# ff culturing hell



## vjf000 (Jun 14, 2008)

I use mite paper, I use ca powder to knock off the mites, i freeze the excelsior in freezer before using, i use repashy media, i keep in light bulb heated and air pump ventilated cabinet, i use clean and new plastic culturing containers ( commercial for culturing) , keep at about 75 degrees, now i think they dont have enough humidity and i am taping the covers to keep humidity up, I spend more time culturing and more money buying ffs than I want to keep track of, this is insane, I hope the higher humidity makes a difference, I am willing to bet more than one hobbyist has been driven out of the hobby by these problems, when I used to use coffee filters I had more success (maybe i should go back to those?). It shouldn't be this hard. Just had to vent. Anyone with foolproof methods. Yes, I do have mites, does anyone have any success using miticide that is sprayed into the cultures?


----------



## Mer_ (Sep 11, 2011)

I am relatively new to the hobby but have not had many problems with fruitflies (except some hydei. My melanos are always doing well). 

I use excelsior as well, but I never freeze it. I keep it stored at room temperature. I also purchase media and store that at room temperature as well and just make cultures every two weeks since I dont have many frogs to feed. 

I spray water on my cultures about one or twice a week depending on how dry the air in the apartment is. This is particularly true in the winter when the air seems to be drier. I dont cover the top of the cultures because I fear that i'd be suffocating the flies.

My cultures are kept at room temperature (about 68-75 degrees) and I dont have any lighting on them. I actually keep them in a relatively dark shelf.


----------



## vjf000 (Jun 14, 2008)

I do order the cultures from a known vendor and they have had a lot of mites. I supppose thats part of the problem from the start.


----------



## Mer_ (Sep 11, 2011)

I only ordered flies twice when I was just getting the hang of cultures and stuff like that. I have had mites, but I usually just get rid of whatever culture has them to prevent them from spreading and what not. 

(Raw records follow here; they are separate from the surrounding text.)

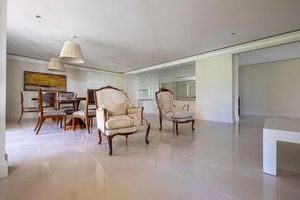 Image 18 - 878266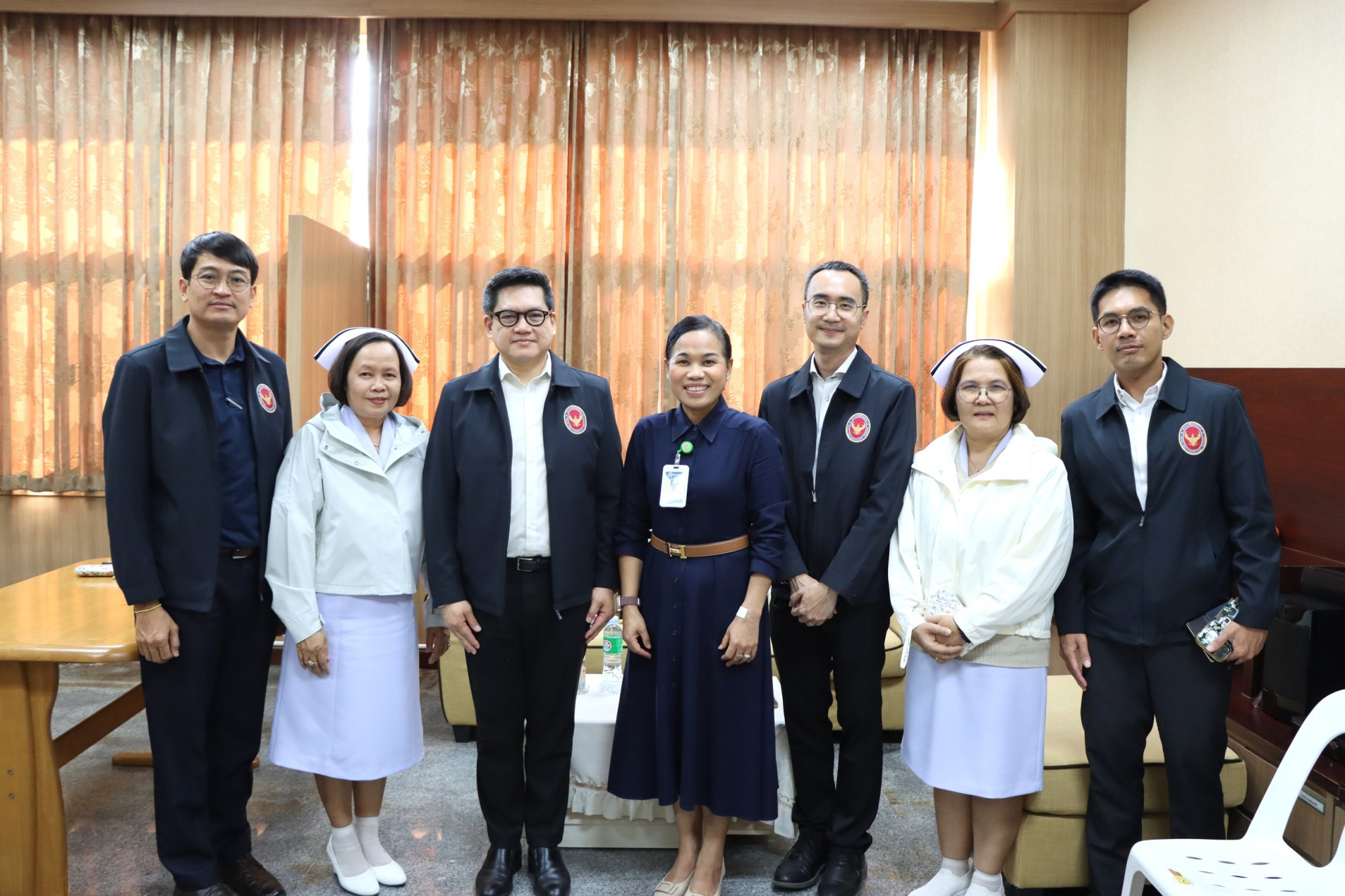 กสญ._เข้าพบหารือกับ_ผอ._รพ._มุกดาหาร_2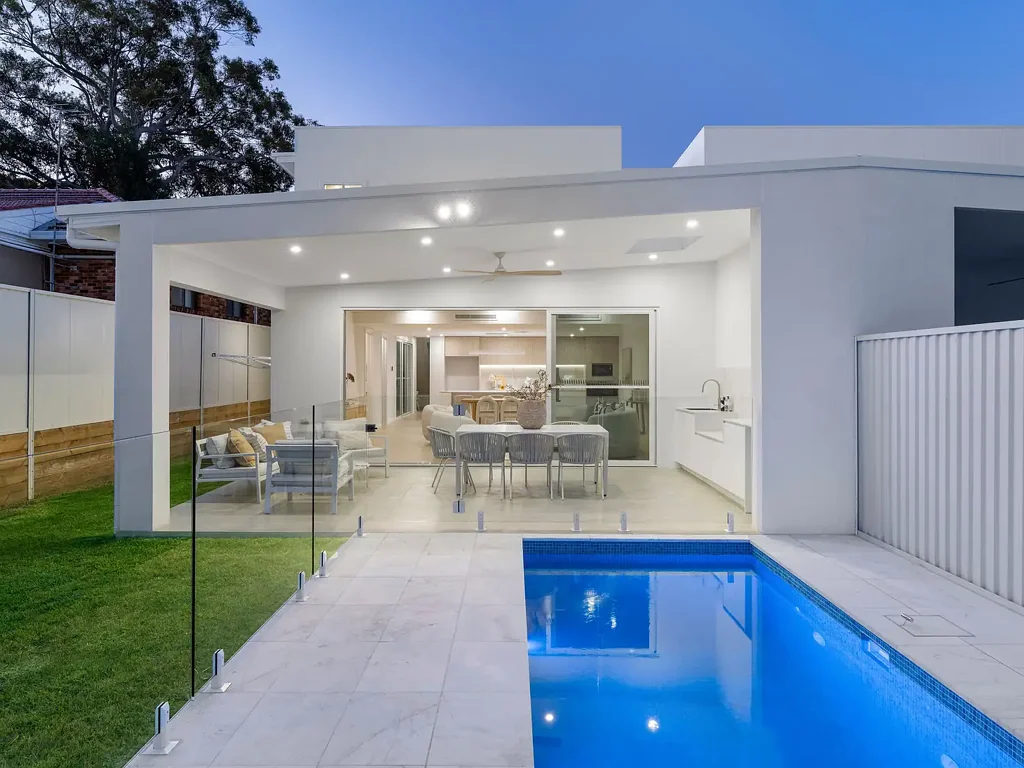 Burraneer 4 Bedroom Coastal Comfort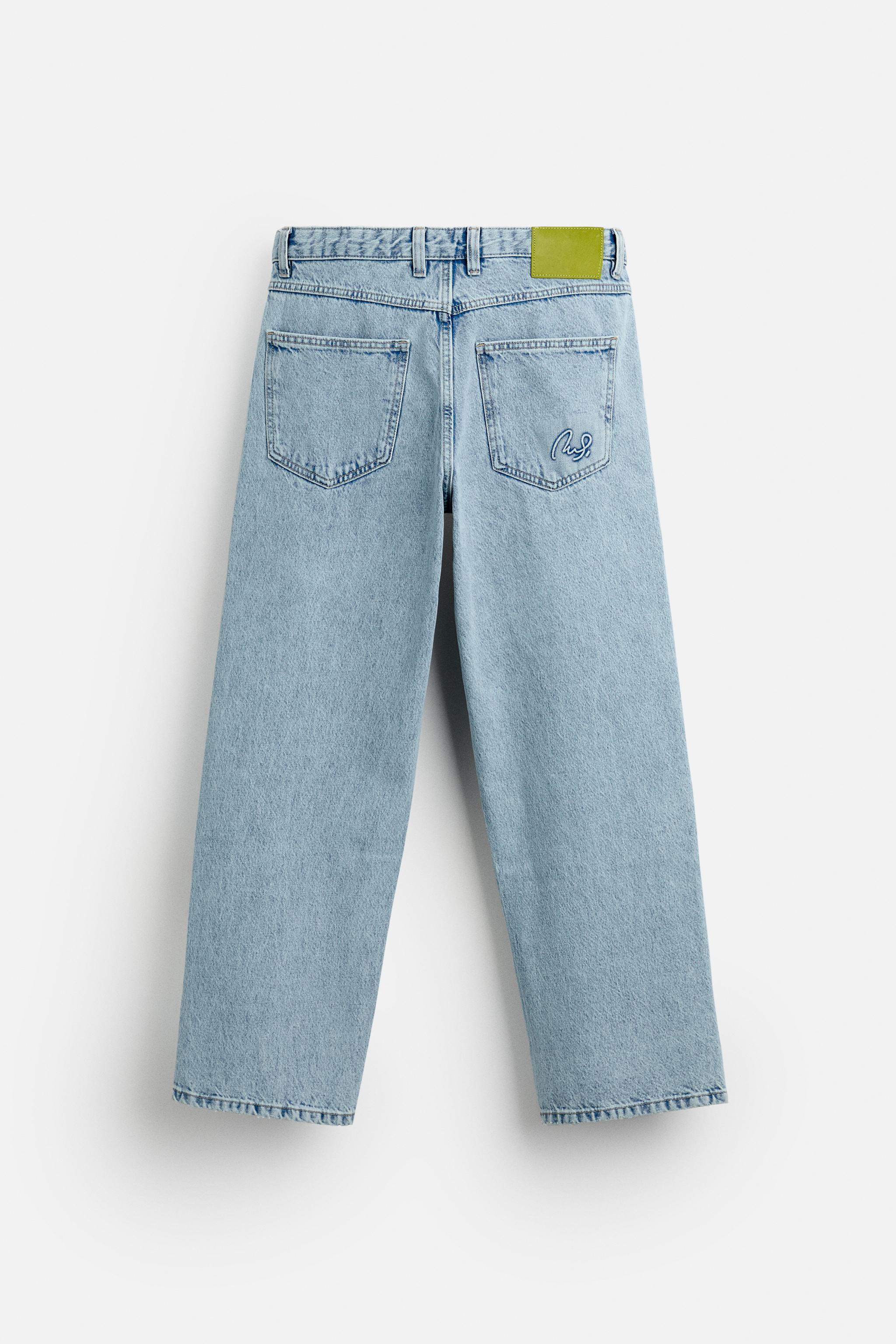 RELAXED FIT JEANS Product Image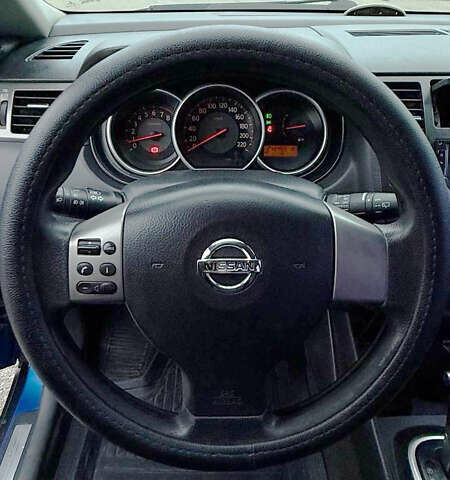 Синий Ниссан Тиида, объемом двигателя 1.6 л и пробегом 243 тыс. км за 5800 $, фото 11 на Automoto.ua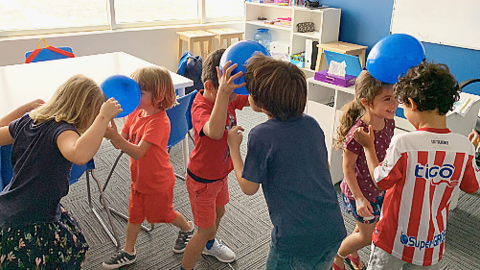 Los niños mejoran su español mientras se divierten en el campamento cultural de UCAM Dubai. (Cedida)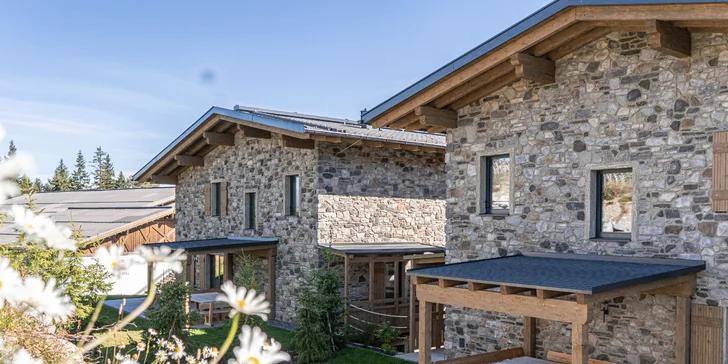 Pobyt v Alpách priamo pri zjazdovke: moderný chalet až pre 14 os. s vlastnou saunou aj wellness v hoteli
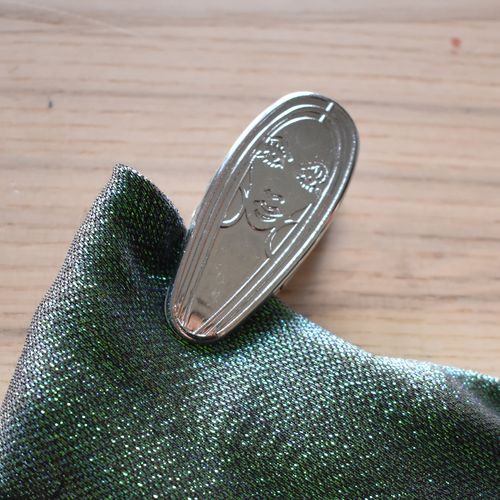 Green Lamé with a Getta Grip Clip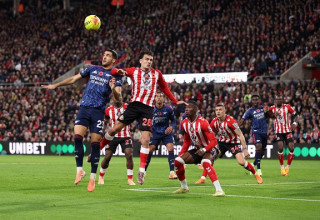 שחקני ארסנל וסנדרלנד (צילום: Getty images)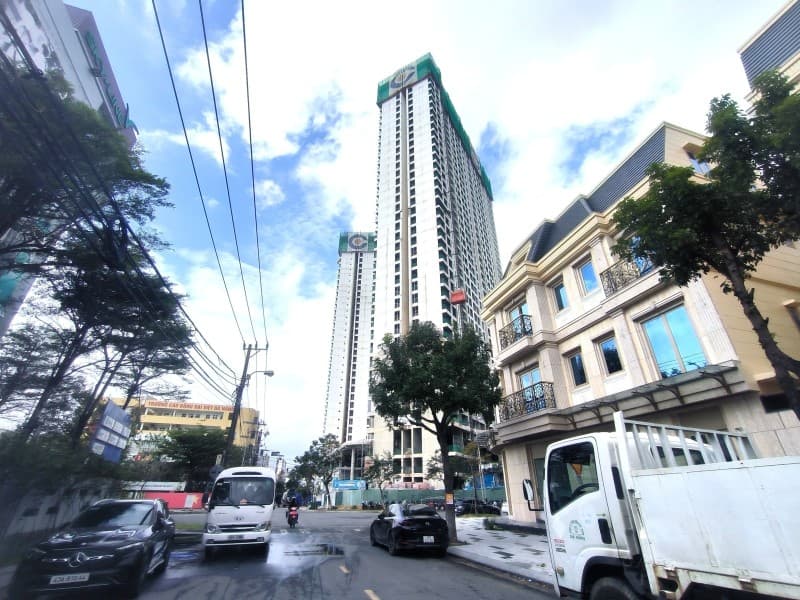 Nhà 3 tầng 54m² mặt tiền 3.5m Hải Châu, tiềm năng kinh doanh, ô tô đỗ cửa, có thể ở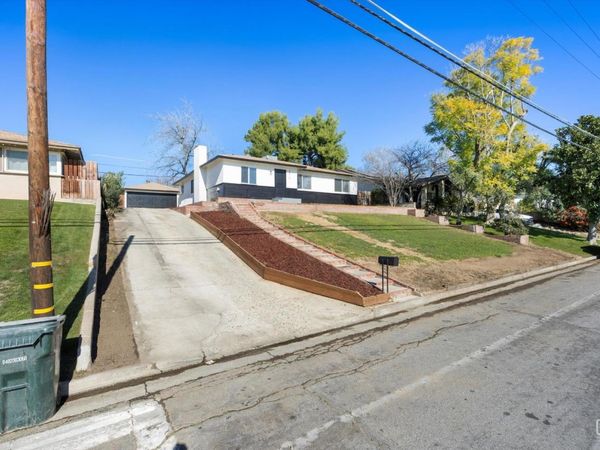 2814 College Avenue, Bakersfield, CA 93306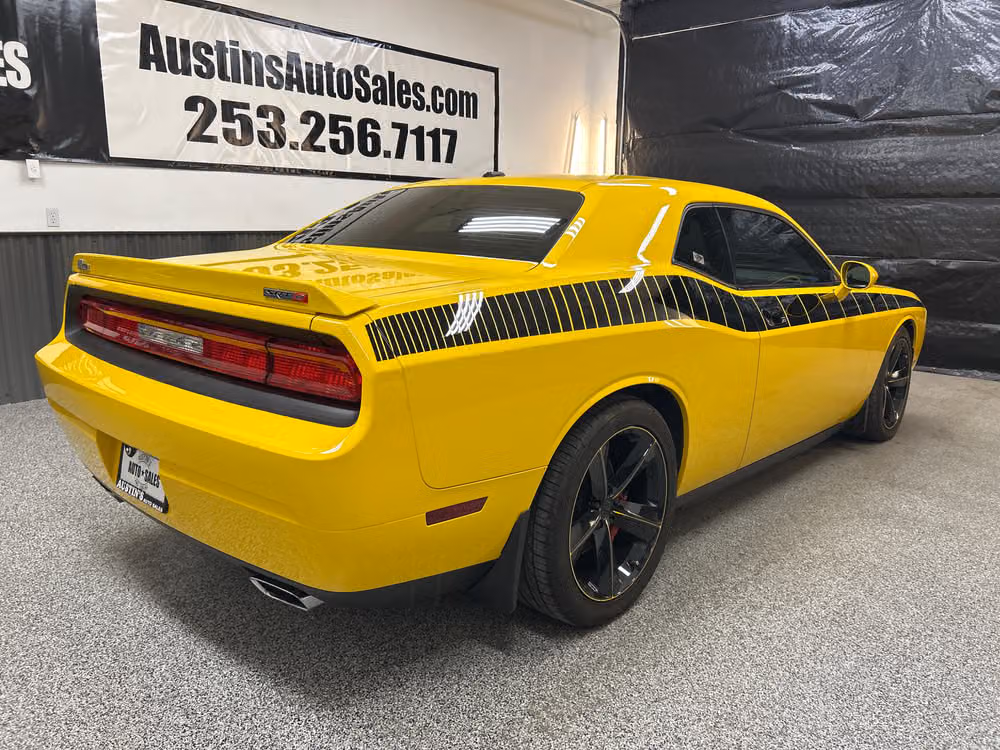 2010 Dodge Challenger SRT8 Image 6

I should also point out that I dont use mite spray or paper.

Do not let the fruitflies discourage you! Once you get the hang of things it isn't difficult!


----------



## Micro (Dec 26, 2011)

Idk what exactly the issue you are having is but it might just be best to dump what you have completely(container you have them in and all) and just order a completely new starter kit. I got mine at SeFruitFlies.


----------



## jdooley195 (Oct 19, 2009)

Ive had horrible results with excelsior molding and ruining cultures....I just recently got my ff problems under control and it involved....going back to coffee filters, using a new media supplier (josh's), mixing the media properly, placing the cups on a shelf at the top of my room, and buying a heater from walmart that keeps the frog room around 75.

(No experience with mites....Dunno if i got em or not)

Also, a good rotation of cultures is necessary for success


tommy


----------



## tahir tareen (Dec 17, 2009)

wow im sorry your having such problems. I feel like im kind of lazy with cultures and i get good(enough) results. I use a flaxseed/applesauce/oatmeal/vinegar recipe i cook up for flies, works well but mold can be an issue. i have never used mite paper or anything really to combat them other than rotating where i keep new cultures in the house, never keeping them near old cultures. 

where do the larvae set up into pupae in the jar? an even spread of pupae is an indication of moisture level in the culture, if their all near the top, its to wet, if their all at the bottom or in the media its too dry. I use mason jars with lid band and paper towels/napkins.

as suggested maybe start over, possibly with another source of flies.


----------



## mydumname (Dec 24, 2004)

I agree with the aboce comment saying try some new flies from someone else. I ordered from se recently and got a lot of cultures at a great price.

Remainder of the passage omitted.